In April 1941, the high command of the SS ordered the murder of ill and exhausted prisoners who could no longer work (especially those deemed racially inferior). Victims were selected by camp personnel or traveling doctors, and were removed from the camps to be murdered in euthanasia centers. By April 1942, when the operation finished, at least 6,000 and as many as 20,000 people had been killed—the first act of systematic killing in the camp system. Beginning in August 1941, selected Soviet prisoners of war were killed within the concentration camps, usually within a few days of their arrival. By mid-1942, when the operation finished, at least 34,000 Soviet prisoners had been murdered. At Auschwitz, the SS used Zyklon B to kill Soviet prisoners in improvised gas chambers.

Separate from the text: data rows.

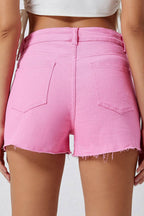 Distressed Denim Shorts - Delanoir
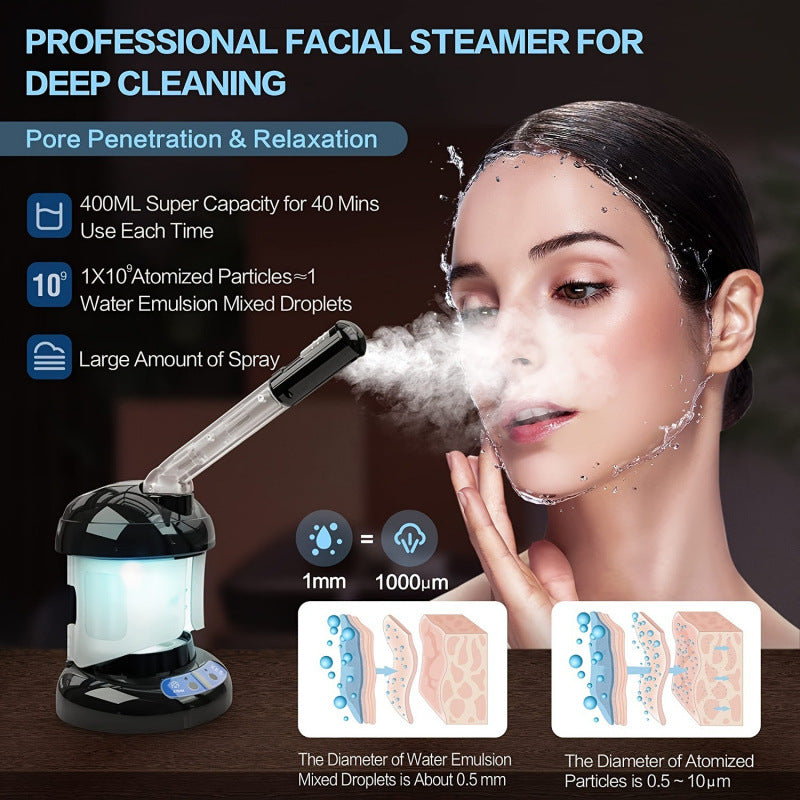 Adjustable Ozone Facial Steamer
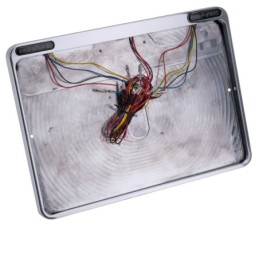 Cadre de plaque d'immatriculation avec feux 739502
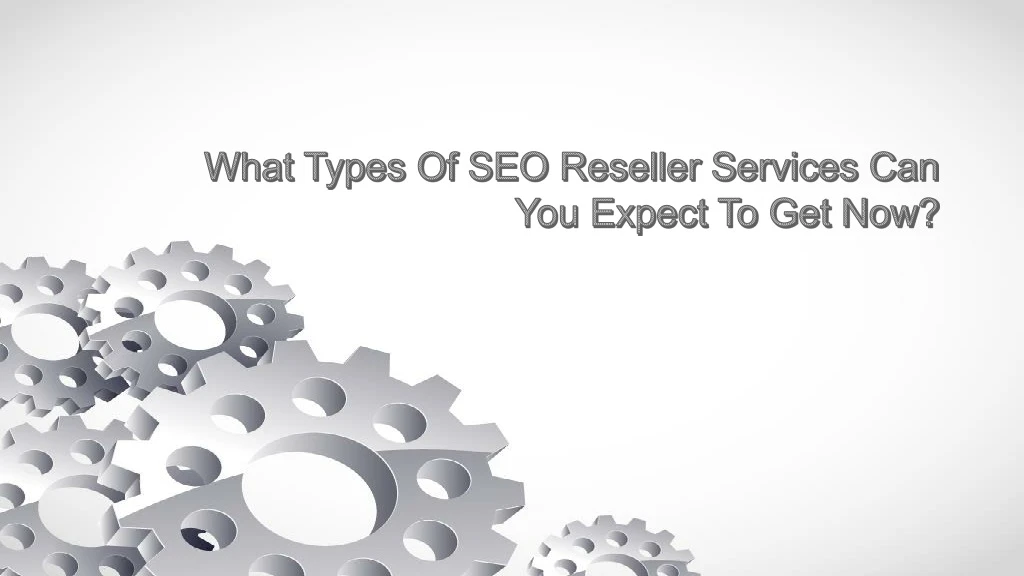what types of seo reseller services can you expect to get now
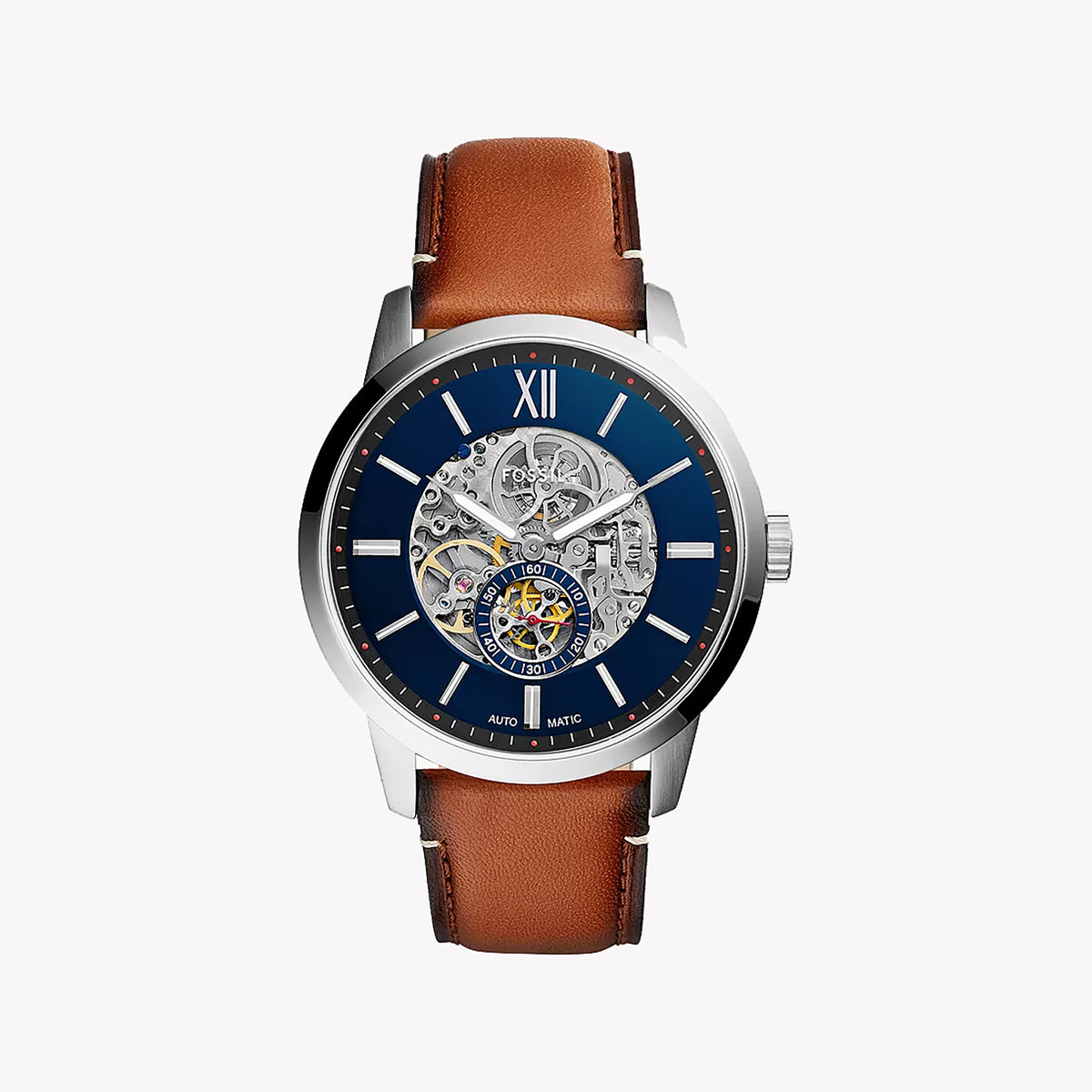 FOSSIL ME3154 STRIKING STYLE - MODERN MEN'S WATCH WITH BLUE DIAL & LEATHER BAND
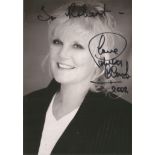 Petula Clark signed 7x5 black and white photo. Dedicated. Good Condition. All autographs are genuine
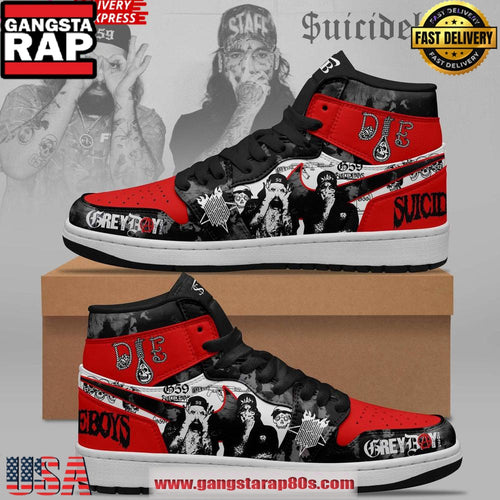 Suicideboys Grey59 Limited Edition Air Jordan 1 Running Sneakers Shoes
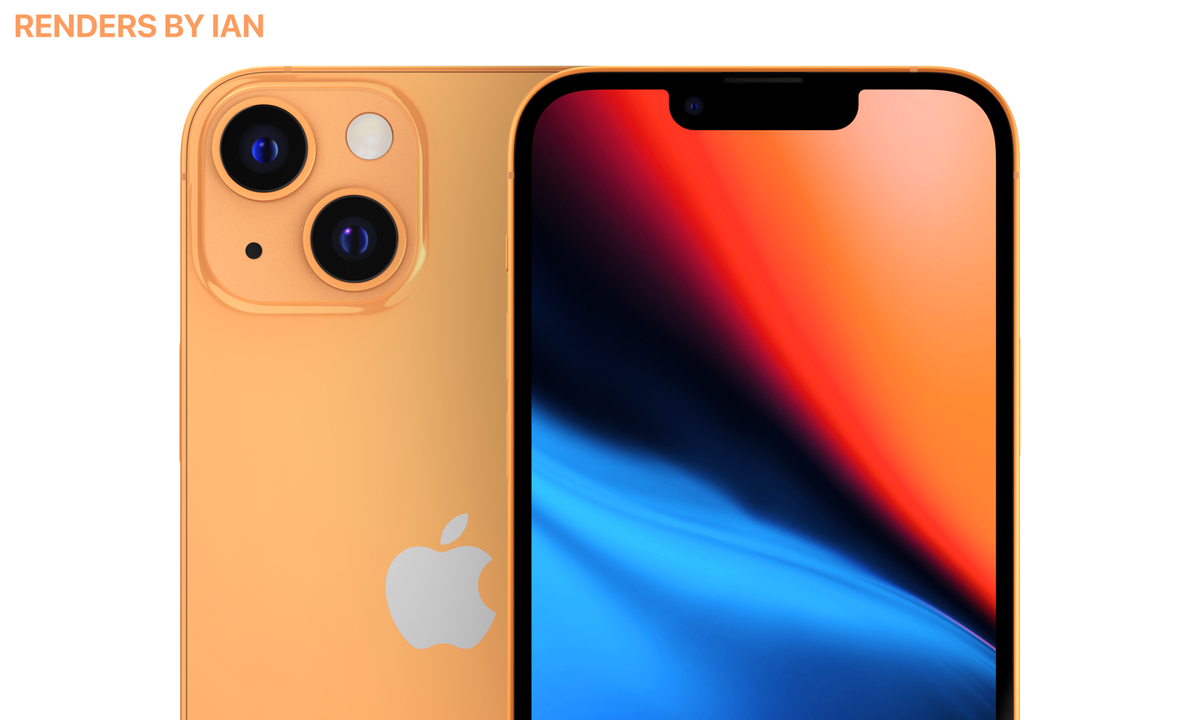 iPhone 13 màu cam đẹp ngất ngây, độc lạ bất ngờ với camera xếp chéo Ảnh 6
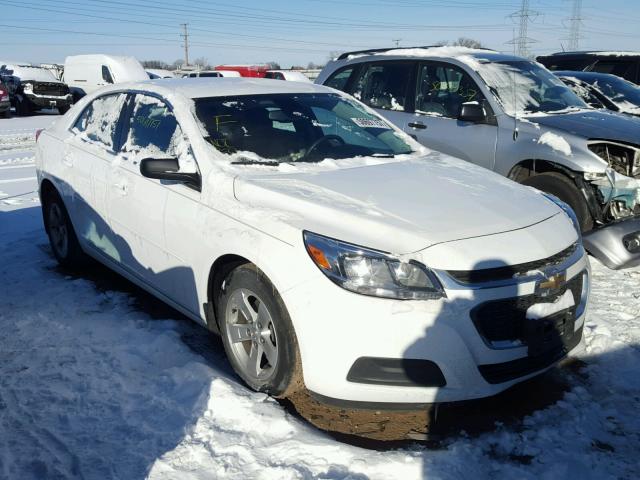 1G11B5SLXFF246796 - 2015 CHEVROLET MALIBU LS WHITE photo 1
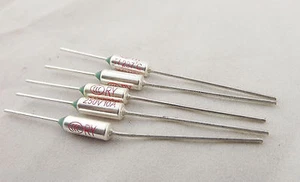 5 fusibles térmicos 227 °C 227 grados TF corte corte 10A CA 250V nuevo - Imagen 1 de 8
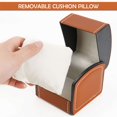 thumbnail image 5 of Luxtrada Single Watch Box Travel Case Storage Display Watches PU Leather Luxury Gift Box (Brown), 5 of 8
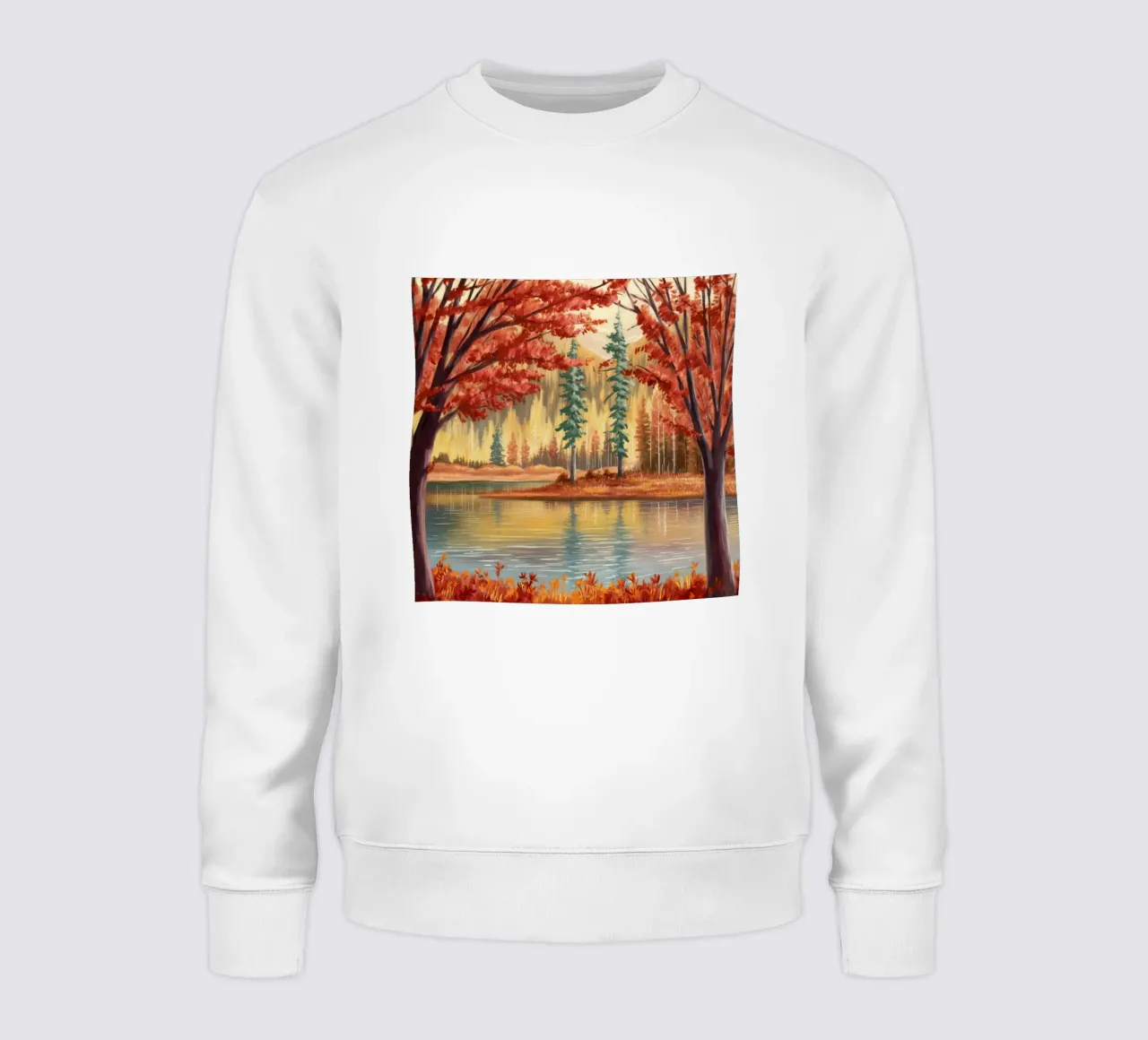 Autumn Reflection Calm sweatshirt by Obisidian Brush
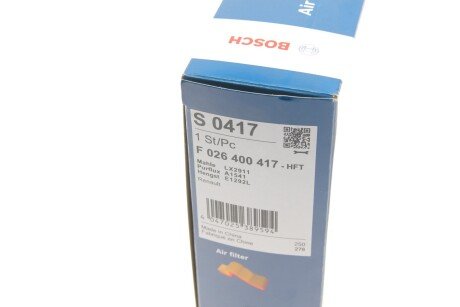 Воздушный фильтр двигателя bosch F026400417
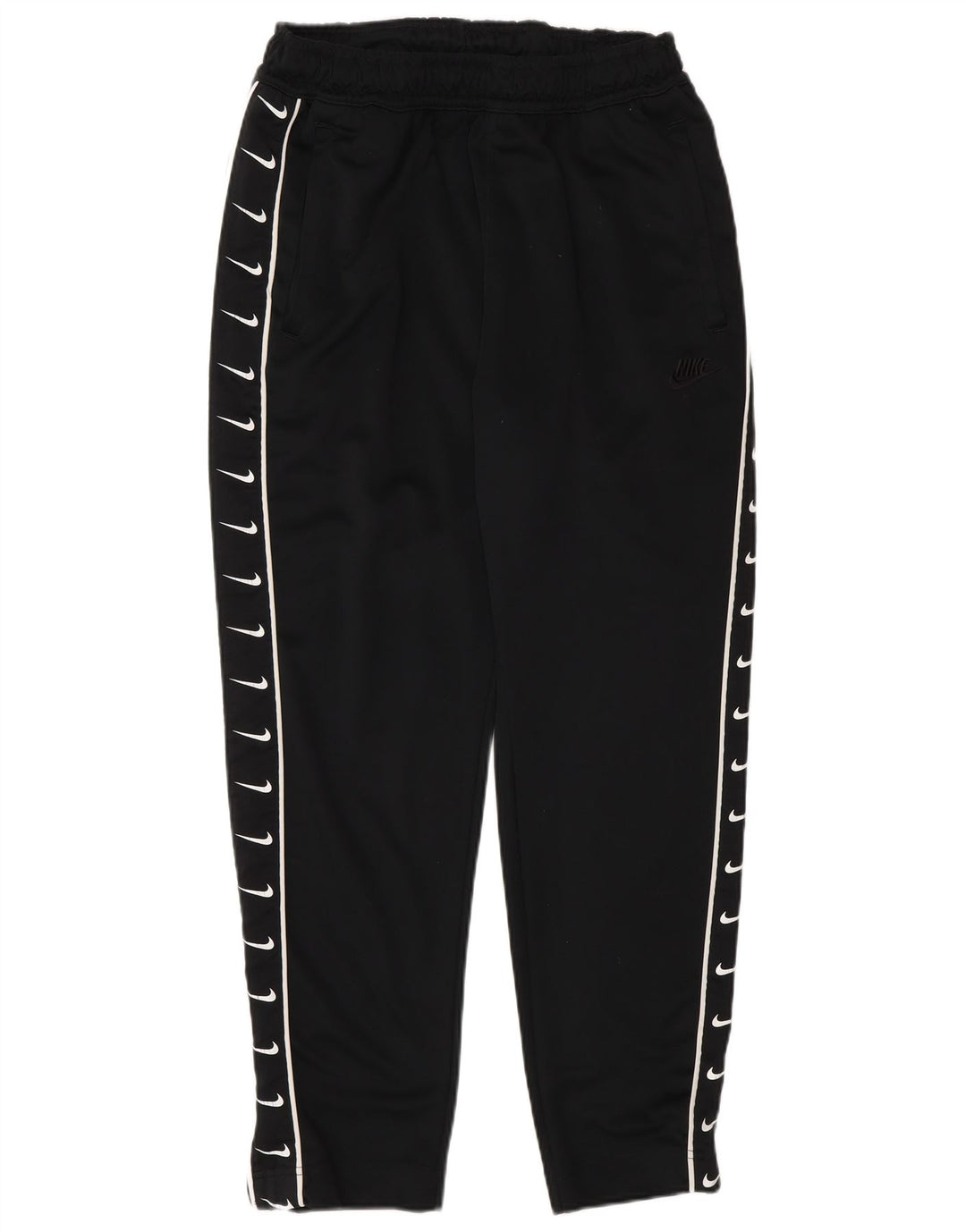 Nike - Pantalón de chándal gráfico para hombre, talla grande, poliéster negro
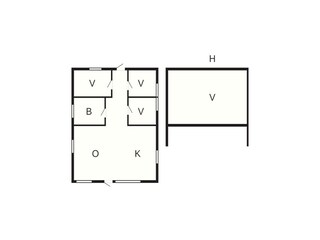 Ferienhaus Nedstrand Grundriss 11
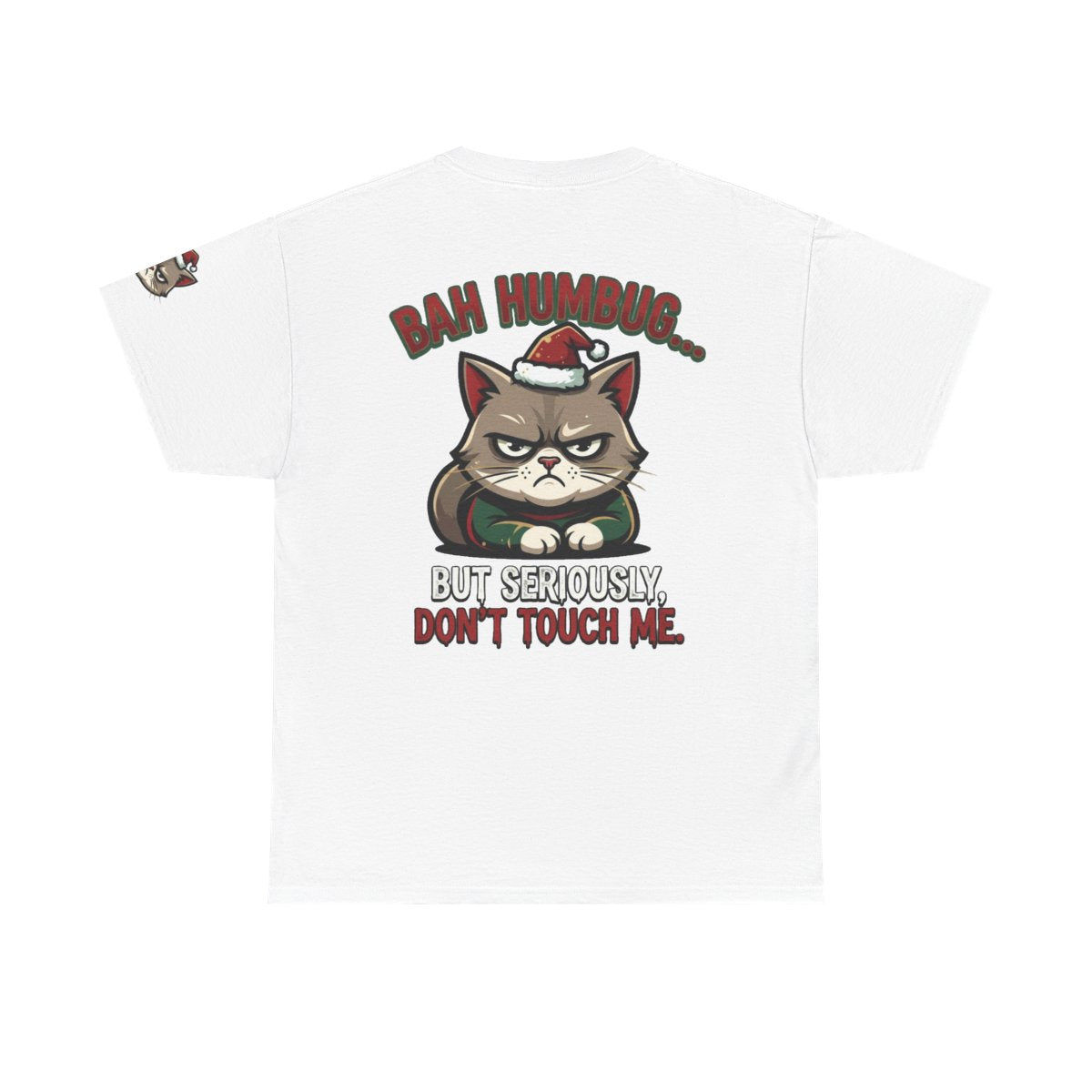 Color: White | Bah Humbug Premium Graphic Tee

In 1942, the emphasis of the camps shifted to the war effort; by 1943, two-thirds of prisoners were employed by war industries. The death rate skyrocketed with an estimated half of the 180,000 prisoners admitted between July and November 1942 dying by the end of that interval. Orders to reduce deaths in order to spare inmate productivity had little effect in practice. During the second half of the war, Auschwitz swelled in size—fueled by the deportation of hundreds of thousands of Jews—and became the center of the camp system. It was the deadliest concentration camp and Jews sent there faced a virtual death sentence even if they were not immediately killed, as most were. In August 1943, 74,000 of the 224,000 registered prisoners in all SS concentration camps were in Auschwitz. In 1943 and early 1944, additional concentration camps—Riga in Latvia, Kovno in Lithuania, Vaivara in Estonia, and Kraków-Plaszów in Poland—were converted from ghettos or labor camps; these camps were populated almost entirely by Jewish prisoners. Along with the new main camps, many satellite camps were set up to more effectively leverage prisoner labor for the war effort.

Organization

Beginning in the mid-1930s, the camps were organized according to the following structure: commandant/adjutant, political department, protective custody camp, , camp doctor, and guard command. In November 1940, the IKL came under the control of the SS Main Command Office and the Reich Security Main Office (RSHA) took on the responsibility of detaining and releasing concentration camp prisoners. In 1942, the IKL was subordinated to the SS Main Economic and Administrative Office (SS-WVHA) to improve the camps' integration into the war economy. Despite changes in the structure, the IKL remained directly responsible to Himmler.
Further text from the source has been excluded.